### ABOUT THIS EXERCISE
Write out every entry exactly; the pictures do not belong in the copy.

Brief descriptive captions
-- -- --

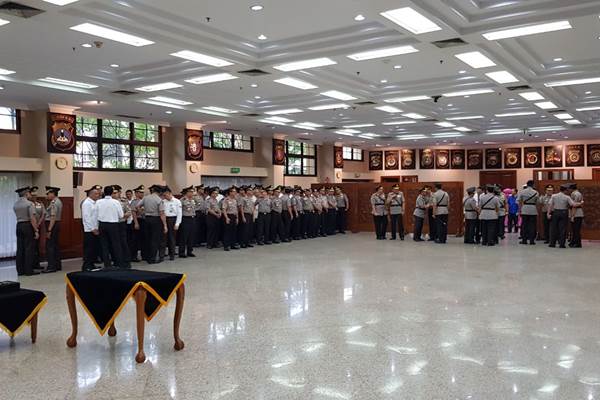 Suasana sebelum upacara mutasi sejumlah Jenderal di Mabes Polri, Kamis (11/1/2018). - Bisnis.com/Sholahuddin Al Ayyubi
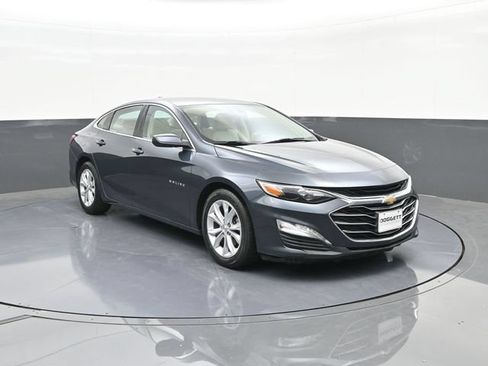 Used 2020 Chevrolet Malibu LT w/ Leather Package FWD image 19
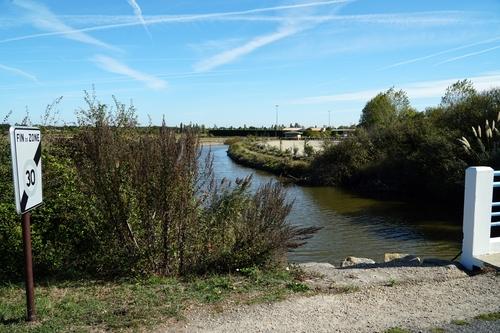 Iconographie - Vue sur l'étier et l'aire de caravaning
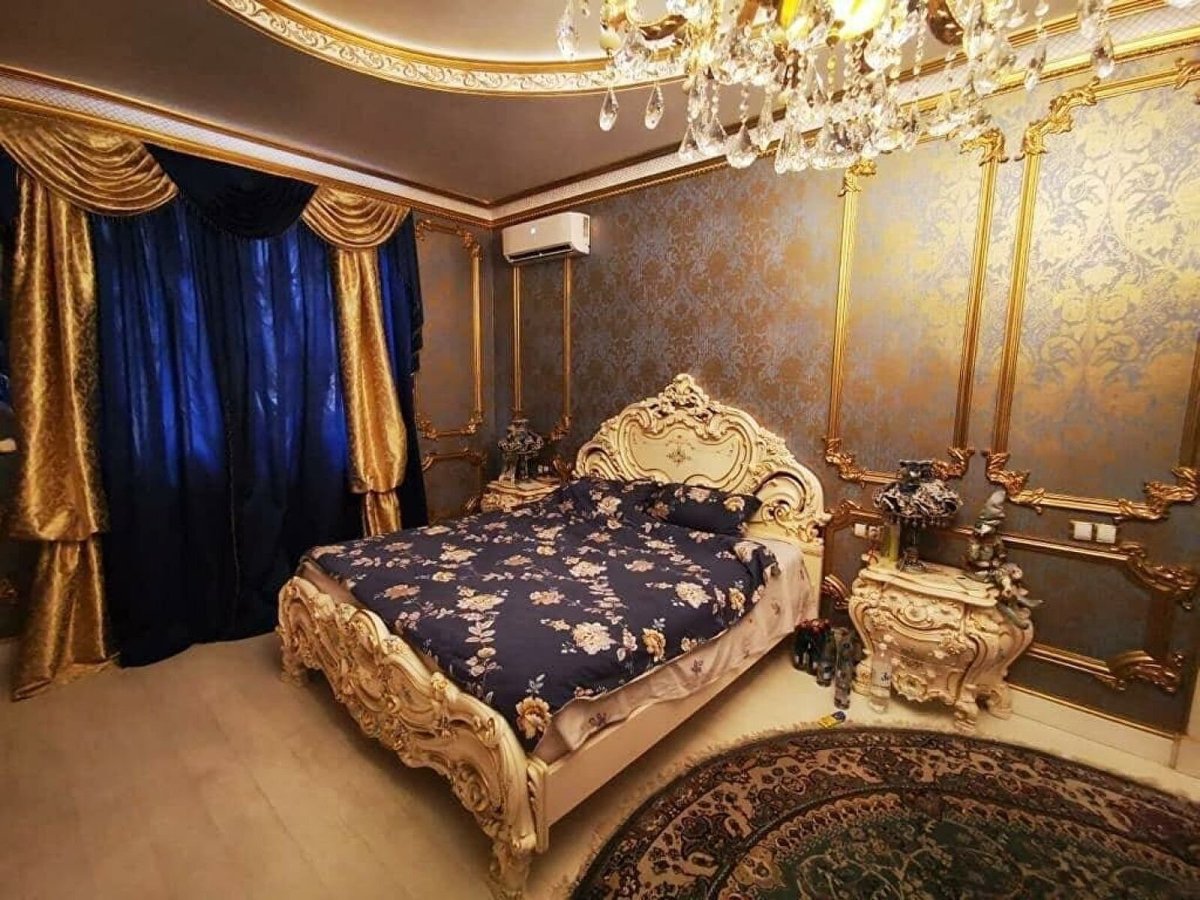 Золотой унитаз ГИБДД Ставрополь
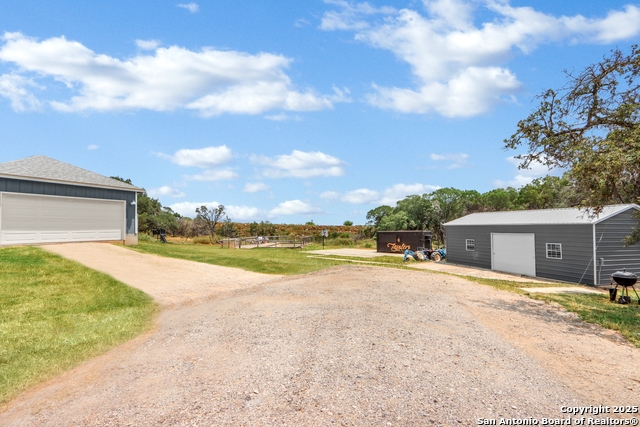 Image 33 of 43 For 711 Forest Trail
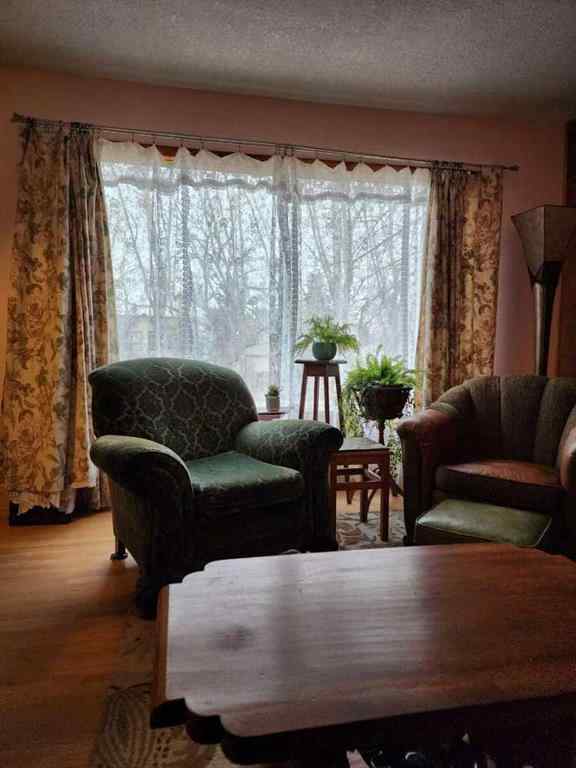 MLS® A2233466 - 221 Center Avenue NE in NONE Milk River, Residential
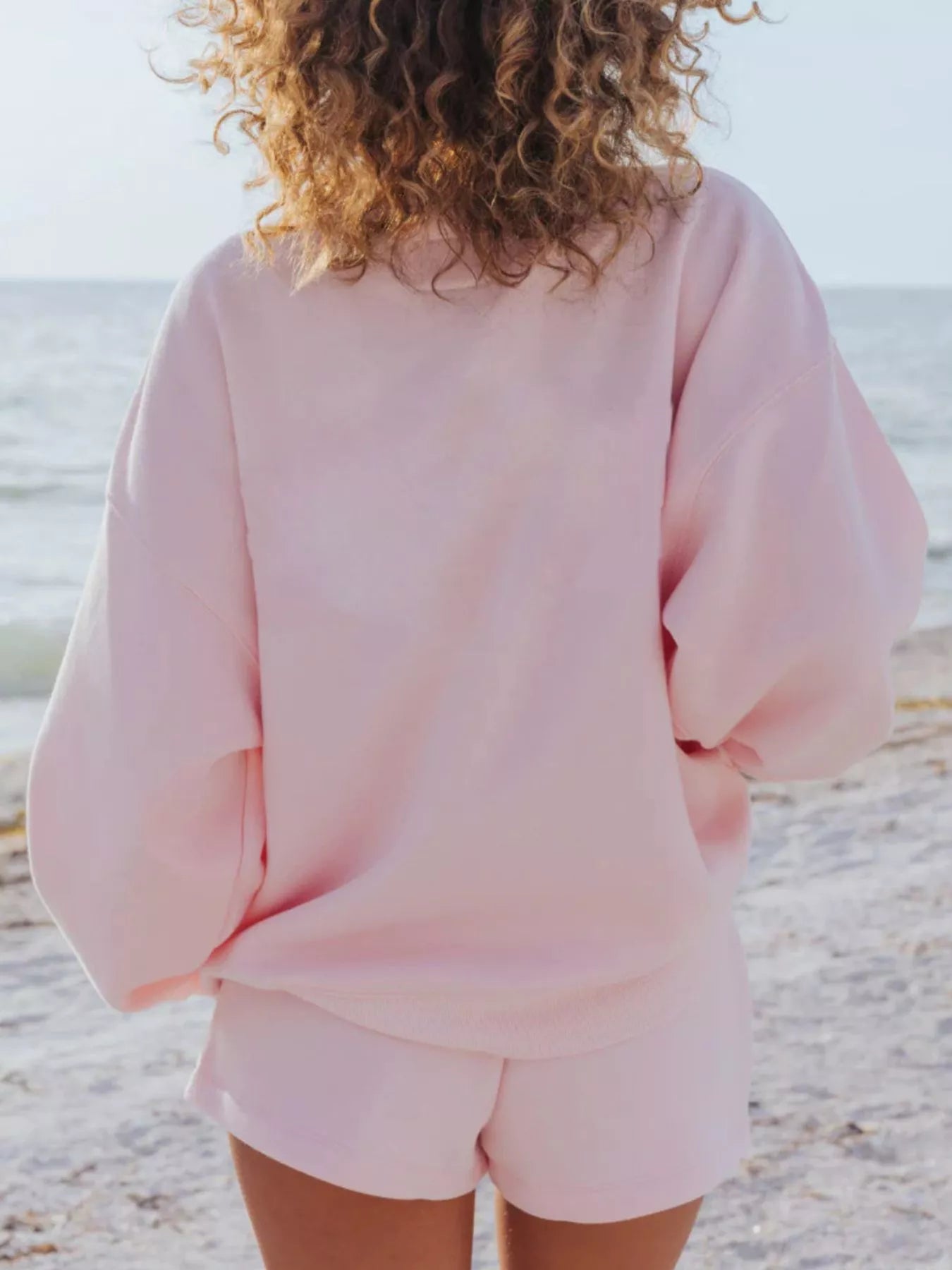 Conjunto de Sudadera de Cuello Redondo y Pantalones Cortos de Corte Suelto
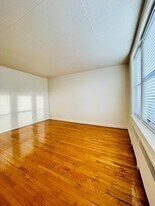 81 Chestnut St, Unit 111 in Rutherford, NJ - Building Photo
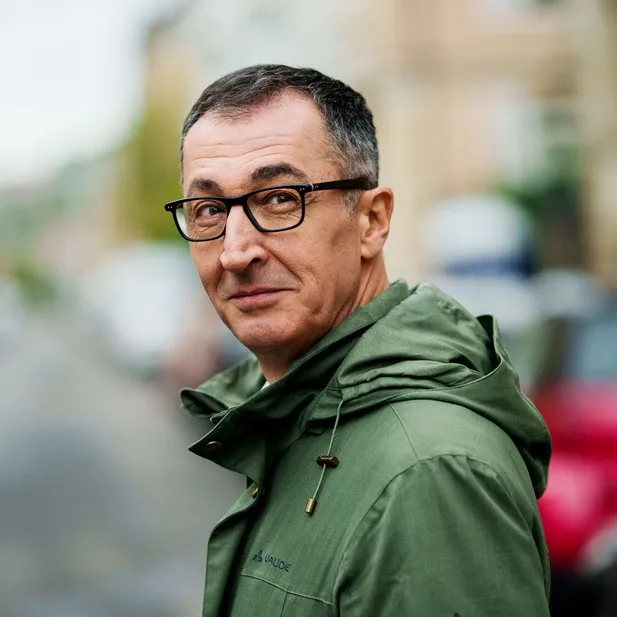 @cem.oezdemir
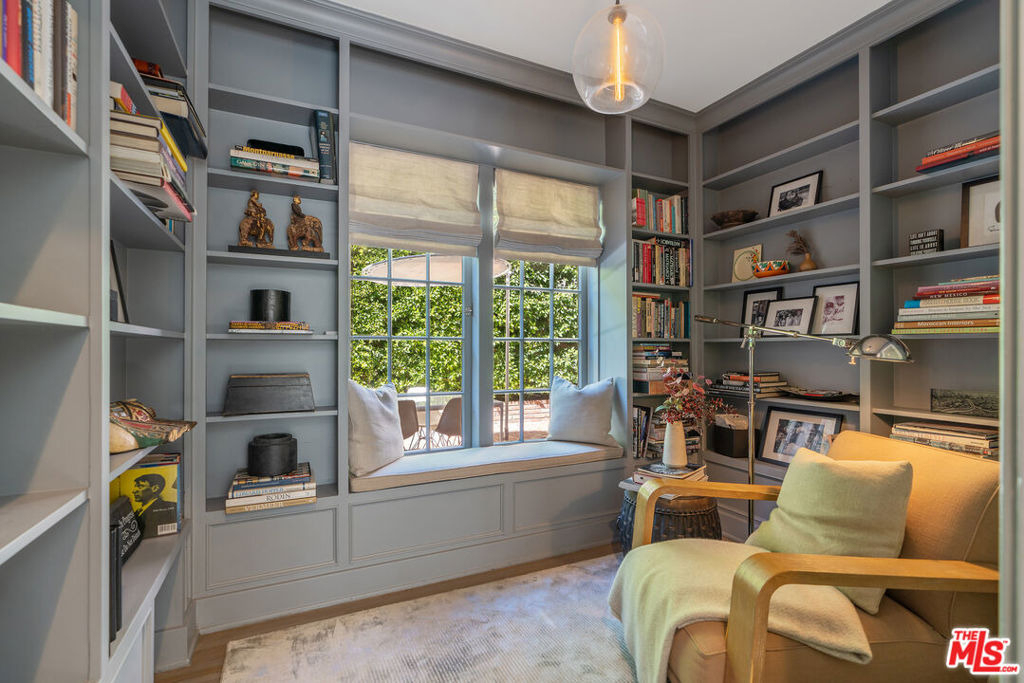 560 S Bronson Avenue - Photo 12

-- -- --

### EXERCISE RESPONSE
 Suasana sebelum upacara mutasi sejumlah Jenderal di Mabes Polri, Kamis (11/1/2018). - Bisnis.com/Sholahuddin Al Ayyubi
 Used 2020 Chevrolet Malibu LT w/ Leather Package FWD image 19
 Iconographie - Vue sur l'étier et l'aire de caravaning
 Золотой унитаз ГИБДД Ставрополь
 Image 33 of 43 For 711 Forest Trail
 MLS® A2233466 - 221 Center Avenue NE in NONE Milk River, Residential
 Conjunto de Sudadera de Cuello Redondo y Pantalones Cortos de Corte Suelto
 81 Chestnut St, Unit 111 in Rutherford, NJ - Building Photo
 @cem.oezdemir
 560 S Bronson Avenue - Photo 12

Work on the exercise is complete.